• Work item
Which lines of the data below include the string "Gift"? Return each of them.

Brief descriptive captions
╭──

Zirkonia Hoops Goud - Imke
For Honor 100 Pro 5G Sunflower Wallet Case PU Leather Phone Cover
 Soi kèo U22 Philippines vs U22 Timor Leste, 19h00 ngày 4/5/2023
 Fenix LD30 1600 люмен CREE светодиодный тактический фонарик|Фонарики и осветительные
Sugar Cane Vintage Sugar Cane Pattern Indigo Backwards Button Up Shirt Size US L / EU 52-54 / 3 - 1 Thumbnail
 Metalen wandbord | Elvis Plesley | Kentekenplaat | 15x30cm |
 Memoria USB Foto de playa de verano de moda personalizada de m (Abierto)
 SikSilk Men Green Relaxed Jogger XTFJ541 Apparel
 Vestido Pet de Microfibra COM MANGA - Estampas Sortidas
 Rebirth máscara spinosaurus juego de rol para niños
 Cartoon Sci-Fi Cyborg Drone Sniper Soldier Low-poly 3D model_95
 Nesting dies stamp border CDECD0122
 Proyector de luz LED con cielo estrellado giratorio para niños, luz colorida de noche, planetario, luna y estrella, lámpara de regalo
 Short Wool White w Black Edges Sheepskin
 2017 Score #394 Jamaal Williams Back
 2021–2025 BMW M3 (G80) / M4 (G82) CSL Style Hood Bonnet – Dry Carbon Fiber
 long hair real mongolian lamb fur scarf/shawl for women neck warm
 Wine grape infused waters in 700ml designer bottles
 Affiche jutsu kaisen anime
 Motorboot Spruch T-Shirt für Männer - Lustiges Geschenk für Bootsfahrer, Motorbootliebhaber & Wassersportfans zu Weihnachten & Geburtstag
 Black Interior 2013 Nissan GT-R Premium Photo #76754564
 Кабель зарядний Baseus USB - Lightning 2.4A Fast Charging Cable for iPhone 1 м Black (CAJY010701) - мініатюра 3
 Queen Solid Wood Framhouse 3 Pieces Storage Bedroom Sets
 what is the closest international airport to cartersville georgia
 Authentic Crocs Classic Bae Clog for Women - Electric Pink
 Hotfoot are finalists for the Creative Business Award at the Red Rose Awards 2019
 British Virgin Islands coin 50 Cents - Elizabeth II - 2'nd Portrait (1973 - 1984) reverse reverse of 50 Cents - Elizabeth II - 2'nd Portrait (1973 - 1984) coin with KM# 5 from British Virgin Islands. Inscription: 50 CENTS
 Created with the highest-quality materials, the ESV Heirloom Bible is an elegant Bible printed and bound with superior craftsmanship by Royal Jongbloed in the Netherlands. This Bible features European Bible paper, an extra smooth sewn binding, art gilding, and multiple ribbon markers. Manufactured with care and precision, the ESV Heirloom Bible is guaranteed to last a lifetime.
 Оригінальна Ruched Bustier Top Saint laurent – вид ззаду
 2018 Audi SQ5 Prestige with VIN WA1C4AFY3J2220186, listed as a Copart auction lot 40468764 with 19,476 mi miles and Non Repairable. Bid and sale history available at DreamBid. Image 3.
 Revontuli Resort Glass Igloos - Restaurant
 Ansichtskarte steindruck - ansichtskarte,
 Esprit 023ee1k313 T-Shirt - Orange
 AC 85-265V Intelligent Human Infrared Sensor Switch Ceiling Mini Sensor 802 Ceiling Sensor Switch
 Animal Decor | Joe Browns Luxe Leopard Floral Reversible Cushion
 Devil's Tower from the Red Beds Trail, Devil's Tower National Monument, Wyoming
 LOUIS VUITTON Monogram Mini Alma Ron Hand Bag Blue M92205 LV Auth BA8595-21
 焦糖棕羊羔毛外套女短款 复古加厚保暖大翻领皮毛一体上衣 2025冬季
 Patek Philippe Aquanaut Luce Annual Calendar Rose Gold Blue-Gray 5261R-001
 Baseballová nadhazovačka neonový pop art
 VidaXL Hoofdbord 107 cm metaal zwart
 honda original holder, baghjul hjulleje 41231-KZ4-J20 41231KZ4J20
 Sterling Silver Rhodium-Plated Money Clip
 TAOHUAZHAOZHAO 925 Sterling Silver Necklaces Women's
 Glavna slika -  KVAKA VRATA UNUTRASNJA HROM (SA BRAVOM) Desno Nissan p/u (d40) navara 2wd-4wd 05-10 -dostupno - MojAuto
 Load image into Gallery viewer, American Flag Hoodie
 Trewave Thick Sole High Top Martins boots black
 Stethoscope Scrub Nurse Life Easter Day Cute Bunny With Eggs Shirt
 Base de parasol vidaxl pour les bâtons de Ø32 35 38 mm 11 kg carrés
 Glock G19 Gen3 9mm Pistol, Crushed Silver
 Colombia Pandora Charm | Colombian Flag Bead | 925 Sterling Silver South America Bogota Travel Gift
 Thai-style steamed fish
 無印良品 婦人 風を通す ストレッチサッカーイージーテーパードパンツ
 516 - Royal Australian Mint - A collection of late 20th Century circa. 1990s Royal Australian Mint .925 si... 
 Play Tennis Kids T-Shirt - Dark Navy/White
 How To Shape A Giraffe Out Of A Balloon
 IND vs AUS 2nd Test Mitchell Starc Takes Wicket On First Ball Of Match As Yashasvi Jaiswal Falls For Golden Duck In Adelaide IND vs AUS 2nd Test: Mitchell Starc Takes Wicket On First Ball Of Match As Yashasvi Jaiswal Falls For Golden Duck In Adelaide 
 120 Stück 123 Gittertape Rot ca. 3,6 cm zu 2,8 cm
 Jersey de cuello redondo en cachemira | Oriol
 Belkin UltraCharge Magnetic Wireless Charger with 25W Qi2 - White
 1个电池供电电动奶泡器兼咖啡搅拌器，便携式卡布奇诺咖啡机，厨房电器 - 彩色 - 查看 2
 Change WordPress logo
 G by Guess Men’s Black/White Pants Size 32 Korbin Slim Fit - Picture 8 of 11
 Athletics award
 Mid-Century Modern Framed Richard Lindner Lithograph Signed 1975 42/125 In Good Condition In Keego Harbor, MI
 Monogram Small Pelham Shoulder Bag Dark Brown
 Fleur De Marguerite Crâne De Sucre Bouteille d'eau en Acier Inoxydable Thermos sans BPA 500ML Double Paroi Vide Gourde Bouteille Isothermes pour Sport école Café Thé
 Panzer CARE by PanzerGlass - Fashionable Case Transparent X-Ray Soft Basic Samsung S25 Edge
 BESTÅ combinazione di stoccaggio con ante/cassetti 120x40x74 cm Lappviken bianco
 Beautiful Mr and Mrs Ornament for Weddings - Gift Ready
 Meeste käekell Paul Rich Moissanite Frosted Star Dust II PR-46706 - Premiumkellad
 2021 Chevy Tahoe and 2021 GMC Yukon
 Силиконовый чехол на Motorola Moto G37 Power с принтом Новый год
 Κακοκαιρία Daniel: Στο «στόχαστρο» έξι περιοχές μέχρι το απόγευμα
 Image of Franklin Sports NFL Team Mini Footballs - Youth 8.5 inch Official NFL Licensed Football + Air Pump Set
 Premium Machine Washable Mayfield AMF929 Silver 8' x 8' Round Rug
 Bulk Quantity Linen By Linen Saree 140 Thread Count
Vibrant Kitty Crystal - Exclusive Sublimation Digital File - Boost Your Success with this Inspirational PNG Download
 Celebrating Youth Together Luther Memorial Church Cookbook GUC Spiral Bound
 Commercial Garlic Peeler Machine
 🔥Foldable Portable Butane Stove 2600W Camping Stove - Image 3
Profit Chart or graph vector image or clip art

╰──

• Written response
 Colombia Pandora Charm | Colombian Flag Bead | 925 Sterling Silver South America Bogota Travel Gift
 Beautiful Mr and Mrs Ornament for Weddings - Gift Ready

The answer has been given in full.